Task instructions
Could you restate the data word for word?

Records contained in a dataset
━━━━━━━━

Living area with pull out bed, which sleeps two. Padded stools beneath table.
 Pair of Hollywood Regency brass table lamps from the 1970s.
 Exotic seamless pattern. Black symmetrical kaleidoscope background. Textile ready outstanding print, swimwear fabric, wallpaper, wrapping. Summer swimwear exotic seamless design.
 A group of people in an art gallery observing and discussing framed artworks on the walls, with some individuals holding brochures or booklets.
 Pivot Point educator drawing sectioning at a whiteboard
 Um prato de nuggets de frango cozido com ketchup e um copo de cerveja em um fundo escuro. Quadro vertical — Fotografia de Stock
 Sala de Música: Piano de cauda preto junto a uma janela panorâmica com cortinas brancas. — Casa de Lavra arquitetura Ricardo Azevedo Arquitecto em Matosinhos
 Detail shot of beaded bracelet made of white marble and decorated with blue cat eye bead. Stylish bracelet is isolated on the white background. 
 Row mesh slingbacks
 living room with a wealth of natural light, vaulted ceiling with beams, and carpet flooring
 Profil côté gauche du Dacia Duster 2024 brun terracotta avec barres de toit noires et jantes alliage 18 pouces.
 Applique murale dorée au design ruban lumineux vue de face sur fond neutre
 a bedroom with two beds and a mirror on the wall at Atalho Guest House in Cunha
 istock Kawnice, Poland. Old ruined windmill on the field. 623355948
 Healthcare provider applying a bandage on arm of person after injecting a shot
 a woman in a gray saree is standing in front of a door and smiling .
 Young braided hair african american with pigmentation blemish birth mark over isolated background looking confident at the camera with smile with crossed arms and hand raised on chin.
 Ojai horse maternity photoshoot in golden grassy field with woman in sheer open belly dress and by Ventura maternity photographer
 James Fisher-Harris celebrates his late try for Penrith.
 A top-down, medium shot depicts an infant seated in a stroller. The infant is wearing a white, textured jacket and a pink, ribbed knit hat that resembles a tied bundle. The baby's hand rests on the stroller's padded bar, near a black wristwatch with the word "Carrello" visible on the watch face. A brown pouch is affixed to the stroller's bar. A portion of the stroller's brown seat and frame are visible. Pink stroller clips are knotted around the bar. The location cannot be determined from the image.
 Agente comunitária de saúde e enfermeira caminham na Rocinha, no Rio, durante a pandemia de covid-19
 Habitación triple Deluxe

━━━━━━━━

Solution for this exercise
Living area with pull out bed, which sleeps two. Padded stools beneath table.
 Pair of Hollywood Regency brass table lamps from the 1970s.
 Exotic seamless pattern. Black symmetrical kaleidoscope background. Textile ready outstanding print, swimwear fabric, wallpaper, wrapping. Summer swimwear exotic seamless design.
 A group of people in an art gallery observing and discussing framed artworks on the walls, with some individuals holding brochures or booklets.
 Pivot Point educator drawing sectioning at a whiteboard
 Um prato de nuggets de frango cozido com ketchup e um copo de cerveja em um fundo escuro. Quadro vertical — Fotografia de Stock
 Sala de Música: Piano de cauda preto junto a uma janela panorâmica com cortinas brancas. — Casa de Lavra arquitetura Ricardo Azevedo Arquitecto em Matosinhos
 Detail shot of beaded bracelet made of white marble and decorated with blue cat eye bead. Stylish bracelet is isolated on the white background. 
 Row mesh slingbacks
 living room with a wealth of natural light, vaulted ceiling with beams, and carpet flooring
 Profil côté gauche du Dacia Duster 2024 brun terracotta avec barres de toit noires et jantes alliage 18 pouces.
 Applique murale dorée au design ruban lumineux vue de face sur fond neutre
 a bedroom with two beds and a mirror on the wall at Atalho Guest House in Cunha
 istock Kawnice, Poland. Old ruined windmill on the field. 623355948
 Healthcare provider applying a bandage on arm of person after injecting a shot
 a woman in a gray saree is standing in front of a door and smiling .
 Young braided hair african american with pigmentation blemish birth mark over isolated background looking confident at the camera with smile with crossed arms and hand raised on chin.
 Ojai horse maternity photoshoot in golden grassy field with woman in sheer open belly dress and by Ventura maternity photographer
 James Fisher-Harris celebrates his late try for Penrith.
 A top-down, medium shot depicts an infant seated in a stroller. The infant is wearing a white, textured jacket and a pink, ribbed knit hat that resembles a tied bundle. The baby's hand rests on the stroller's padded bar, near a black wristwatch with the word "Carrello" visible on the watch face. A brown pouch is affixed to the stroller's bar. A portion of the stroller's brown seat and frame are visible. Pink stroller clips are knotted around the bar. The location cannot be determined from the image.
 Agente comunitária de saúde e enfermeira caminham na Rocinha, no Rio, durante a pandemia de covid-19
 Habitación triple Deluxe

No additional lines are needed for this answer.